Supercomputers are designed modularly, with circuitry placed on various removable circuit boards or modules. The presence of clock skew in the system may reduce the ability of a board or module to be interchanged from one machine to another. Since the amount of time it takes a signal to propagate through a particular type of logic gate varies from gate to gate, the amount of clock skew seen on a particular module may be different from that seen on other modules. A system designed to accommodate skew present on typical modules may not work with all modules, especially those where the amount of skew differs substantially from that of the typical module. The result is that some modules may not function in all machines.
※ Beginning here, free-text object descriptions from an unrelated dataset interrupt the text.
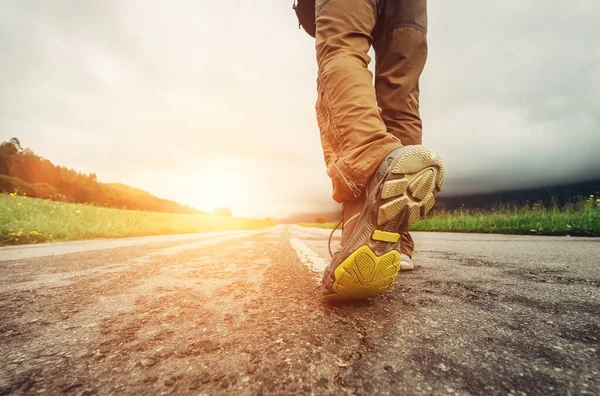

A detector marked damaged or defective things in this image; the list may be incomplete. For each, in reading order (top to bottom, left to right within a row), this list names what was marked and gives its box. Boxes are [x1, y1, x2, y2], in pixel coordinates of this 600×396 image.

cracked asphalt surface [1, 226, 600, 396] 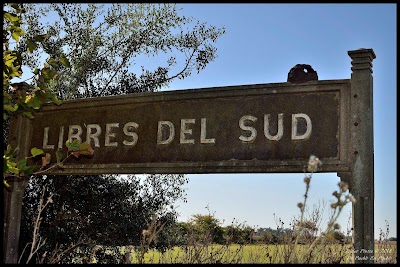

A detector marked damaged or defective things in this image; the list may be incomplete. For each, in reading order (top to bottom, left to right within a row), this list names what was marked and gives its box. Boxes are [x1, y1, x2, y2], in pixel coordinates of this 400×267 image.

rusty sign post [3, 49, 376, 264] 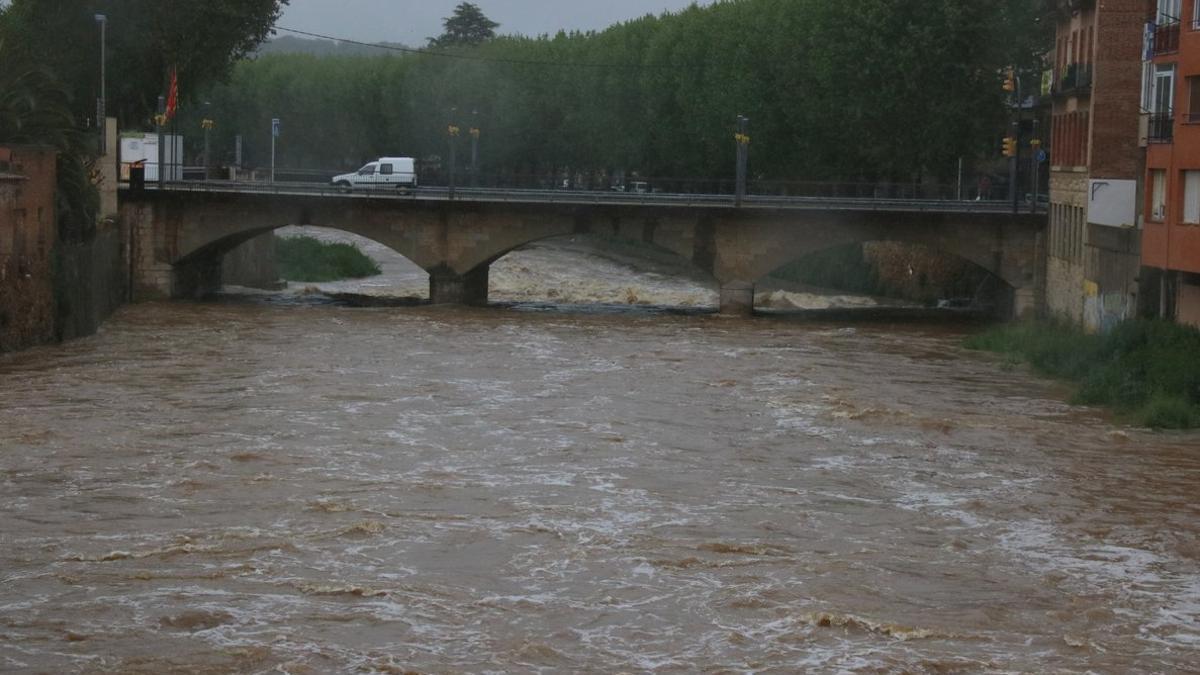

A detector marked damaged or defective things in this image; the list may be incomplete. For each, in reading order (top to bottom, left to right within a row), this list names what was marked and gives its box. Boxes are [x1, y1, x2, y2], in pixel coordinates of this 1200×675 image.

rusty stained wall [0, 146, 57, 353] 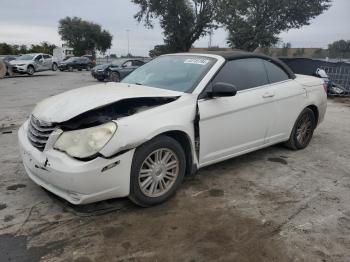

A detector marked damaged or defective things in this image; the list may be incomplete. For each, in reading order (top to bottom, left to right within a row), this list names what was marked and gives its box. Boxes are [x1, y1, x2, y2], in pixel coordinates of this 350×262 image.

crumpled hood [32, 82, 183, 123]
broken headlight [53, 122, 116, 159]
damaged front bumper [17, 121, 135, 205] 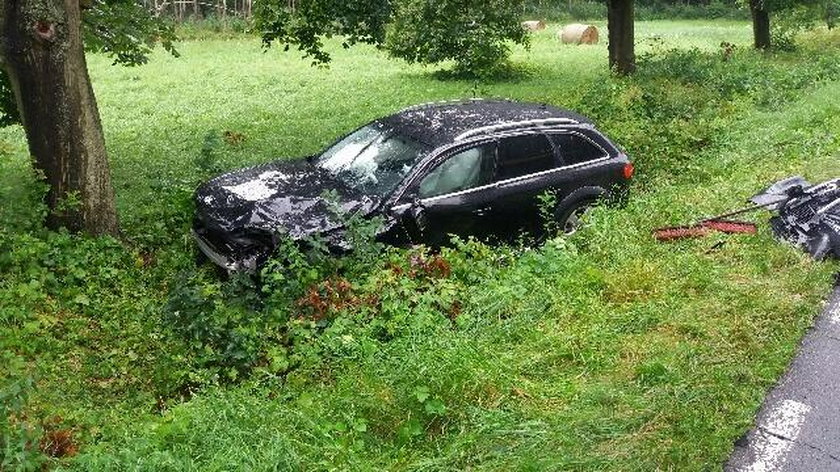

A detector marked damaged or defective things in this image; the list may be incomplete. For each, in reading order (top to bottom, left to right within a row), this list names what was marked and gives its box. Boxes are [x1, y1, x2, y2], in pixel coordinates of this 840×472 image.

damaged car [194, 98, 632, 272]
damaged car [752, 176, 840, 260] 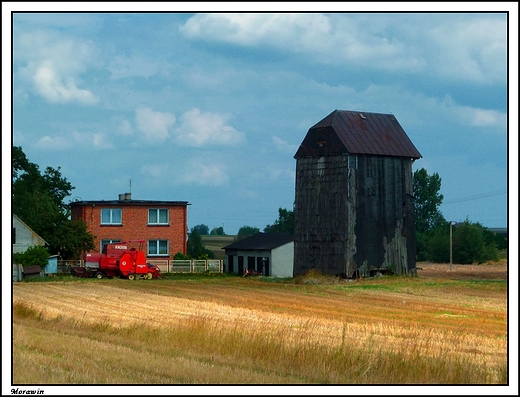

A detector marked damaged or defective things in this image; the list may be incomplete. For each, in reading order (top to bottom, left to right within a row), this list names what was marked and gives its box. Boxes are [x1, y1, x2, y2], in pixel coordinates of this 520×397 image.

rusty metal roof [294, 110, 420, 159]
There are several techniques used to attempt to reduce clock skew. The designer can attempt to equalize the wire and foil trace lengths between the clock source and all destinations. This is often accomplished by distributing the clock signals radially from a distribution point physically located near the center of the machine. The designer can also equalize the number of gates and types of gates in all clock signal paths. Clock skew can also be reduced by equalizing the amount of load that gates and various signal paths must drive. Since these techniques affect the fundamental architecture of the system, they can only be performed during the design of the system.
There are also delay introduction techniques that can be performed during the manufacture or installation of the system. What is important is the difference in delay between the various signal paths, not the actual amount of delay in any given path. Thus, skew between signals can be compensated for by introducing a specific amount of delay in the faster signal paths so as to match the electrical length of the slowest signal path. One example of such a technique is delay line tuning, as disclosed in U.S. Pat. No. 4,165,490. Delay line tuning involves connecting a clock signal path through a delay line which provides multiple outputs, each corresponding to a different delay amount. The output corresponding to the needed delay is selected at the time of installation by reference to other clock signal paths.
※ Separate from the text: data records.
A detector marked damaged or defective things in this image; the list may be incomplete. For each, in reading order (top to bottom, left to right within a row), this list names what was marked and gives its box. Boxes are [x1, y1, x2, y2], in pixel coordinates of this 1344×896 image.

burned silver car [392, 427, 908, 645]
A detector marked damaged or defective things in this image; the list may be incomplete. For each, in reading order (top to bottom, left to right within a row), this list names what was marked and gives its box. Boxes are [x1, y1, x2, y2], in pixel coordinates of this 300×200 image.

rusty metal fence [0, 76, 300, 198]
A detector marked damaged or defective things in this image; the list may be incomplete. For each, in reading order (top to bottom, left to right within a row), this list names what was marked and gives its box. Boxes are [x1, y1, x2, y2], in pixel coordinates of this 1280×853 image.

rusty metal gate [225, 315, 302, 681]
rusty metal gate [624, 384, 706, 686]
Another example of a delay introduction technique is foil path select tuning. With this technique, several alternate foil paths are provided on a circuit board, each tuned to a different electrical length and thus a different delay. The foil path corresponding to the delay needed to skew compensate the signal is selected by applying either a solder bridge or wire so as to connect the foil into the signal path.
The effectiveness and practicality of these methods varies. Equalizing trace lengths, numbers of gates, and loading must be done during the initial design phase, and thus cannot account for design changes or component variations. Equalizing the number of gates in the path and the gate loading may not be possible in all circumstances due to other design constraints of the circuit. Additionally, a previously equalized circuit may require the addition of new circuitry not conceived of during the initial design phase. Previously equalized paths may no longer be equalized after the addition of new circuitry.
Delay line tuning is adjustable, and so it can skew compensate a circuit even after the addition of new circuitry. However, delay lines typically have resolution in the nanosecond range. For high speed supercomputers, much more precision than this is necessary.
Foil path select tuning provides the sub-nanosecond resolution required, however, the tuning procedure involves soldering, tab welding, or some other method of making the required electrical and mechanical connection. These techniques are not easily automatable, and repeated adjustment risks damaging the circuit board due to the handling required or by the lifting of foils during the operation. In addition, foil path select tuning cannot be implemented in a single IC package due to the need to make a mechanical connection.
It is clear that there has existed a long and unfilled need in the prior art for a clock de-skewing technique capable of reducing skew to the sub-nanosecond range. The present invention solves these and other shortcomings of the techniques known in the prior art.